DISENGAGEMENT:  In an on point discussion this week I attributed this dwindling of respect and manners to technology and our loss of ability to be human; I mean really human, as in actually interacting with humans.  Think about it…most of our communications now are through some method of technology; and most don’t even involve actually speaking.  Instead of telling someone, to their face, that they are upset…they send a text message with broken language, odd use of capitalization and punctuation, and an abundance of emoticons or you get blasted on some form of social media or internet site.  We have become so reliant on technology that we have almost forgotten how to communicate and often feel really uncomfortable if and when we actually have to talk to someone else.  Do people even call in an order for pizza anymore?  We have all become so disengaged from other humans…

THE HABIT OF TECHNOLOGY: Next time you are out in public, look around at how many people are “together” but are totally or partially disengaged because they are too busy staring at a screen.  Maybe this even happens in your own home?  Until I started raising a fuss about it, and only because I became more self aware of the trap that I was falling into myself, it would be a regular and normal occurrence for myself and my significant other to be sitting on the sofa together, with the television on, but each also be totally engaged in something else online – be it reading an article or playing a game on our phones, tablets or laptops.  It’s a BAD habit!  It’s like one form of stimuli has become not enough…and we need more constant interaction in order to feel comfortable.  But we aren’t the only ones.  According to studies done by the Pew Research Center, “some 21% of Americans now report that they go online “almost constantly”  and “67% of cell owners find themselves checking their phone for messages, alerts, or calls — even when they don’t notice their phone ringing or vibrating.”  With all of this being online and/or constantly checking devices for messages, alerts or calls, it’s no wonder we, as a society, are no longer really connecting with people the way we used to.
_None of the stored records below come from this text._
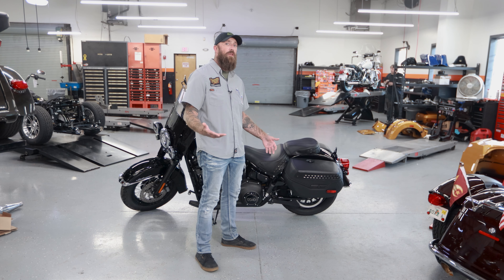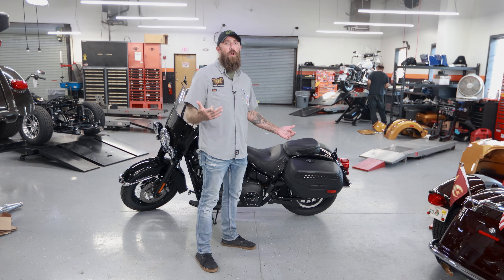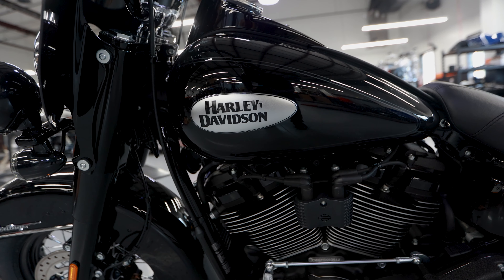Hey guys, Cody here at Treasure Coast Harley-Davidson. I've got a really cool bike to talk to you about — the Softail Heritage. This one's in vivid black. We're gonna go over some of the features on one of America's favorite Harley-Davidsons.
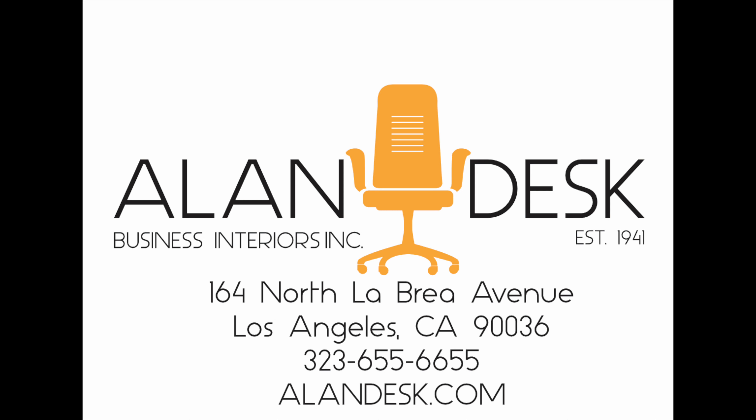As you can see, we have a large assortment of chairs here in our showroom. So come on down and visit us and let us help you find the best chair that works for you. We'll see you next time. Bye.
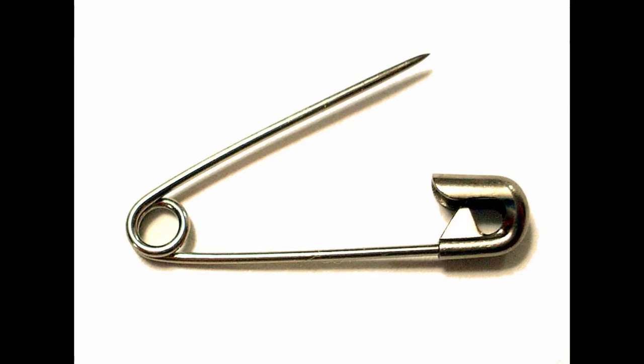If you absolutely positively do not want your pocket square to move, then use hack number three: use a safety pin. You open your jacket, put the pin through your jacket and through your pocket square, and close it. Trust me, it's not gonna move — someone's gonna have to yank it and rip your pocket square. The drawback is that it's gonna leave a hole in both your jacket and your pocket square, but if you're okay with that, that is the maximum hold.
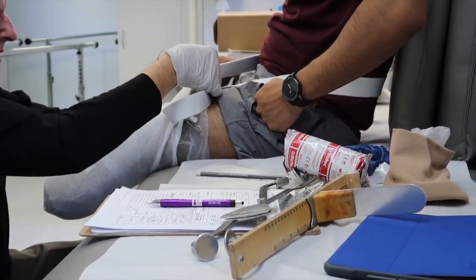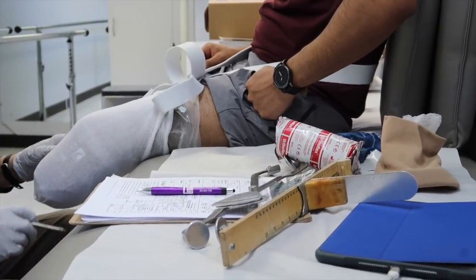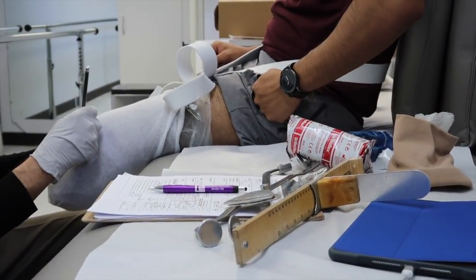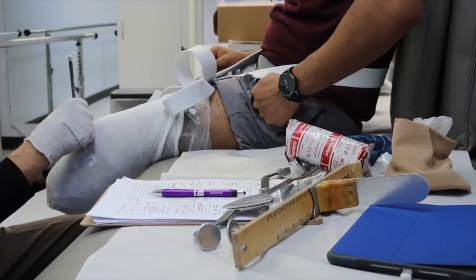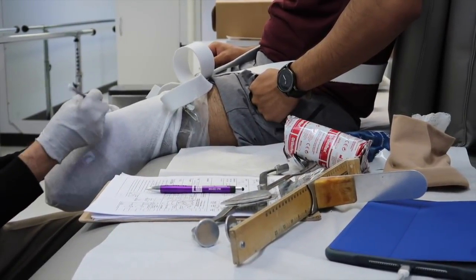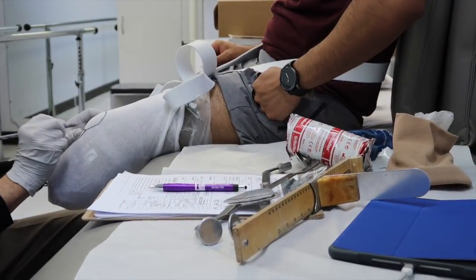Everything was pretty exciting. It's pretty interesting how technology has grown so much for people to be able to create legs for amputees like myself. Back when he first started, he was using wooden legs, so for me to actually be able to use more of the newest technology is quite exciting.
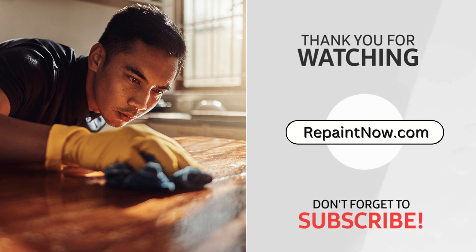So, those were the tips following which you can stain poplar the way you like. Don't forget to like, share, and subscribe to the channel repaintnow.com for more useful tips.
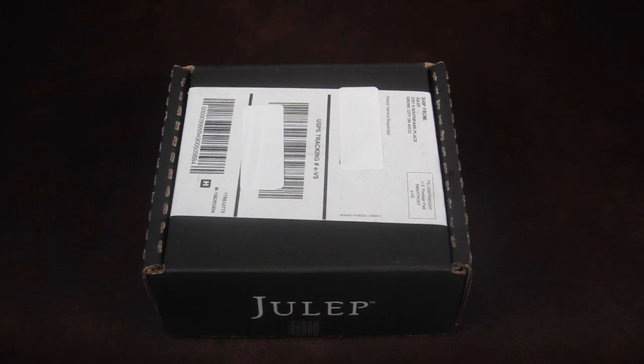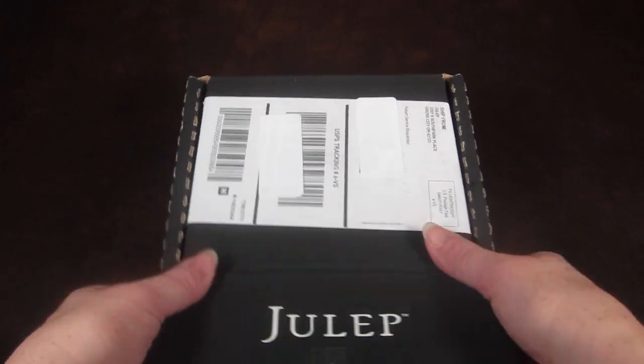This is just a quick unboxing for a secret store order that I placed through Julep. Julep is a nail polish subscription box. If you're not a maven already, there are two really great free box deals going on — one is called the bubbly set and the other one is a jingle bell set. Both are super pretty. I will link the information down below so you can pick which free box you want, but they're for a limited time.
WHEN HUMANS DO CONNECT:  Interestingly on point, I recently stumbled across the Liberators International organization who posted a video on their Facebook page showing an eye contact with strangers experiment posing the question “Where has the human connection gone?”  You are encouraged to link to and watch the short video for yourself, however, the idea was to have two total strangers sit and look into one another’s eyes for an entire minute.  The results…smiles, tears and/or hugs…from strangers.  So very amazing…and the facial expressions…so very telling and profound.

TIME TO MEND THE BROKEN:  The more we “connect” through technology and become akin to an individual island with a population of one the less we REALLY connect in a way where real emotion is involved.  The less legitimate human connection we have, the greater the opportunity for an IDGAF (I don’t give a F!) attitude to develop and the more opportunity we create for words and thoughts (mean ones) to flow without consideration for any consequences; for ourselves and for others.  Indeed, with the loss of our ability to really connect and communicate, we have also seemingly managed to lose the concept of manners and respect.  It’s time to figure out how to gain those characteristics back…one step at a time.

EXPERIMENT:  Try unplugging from technology (no cheating) during a time that you would normally “check in.”  This could be at home around family, at dinner with friends, or even just some time by yourself.  See how it makes you feel and what things around you you notice and report back.  I’d love to hear your feedback.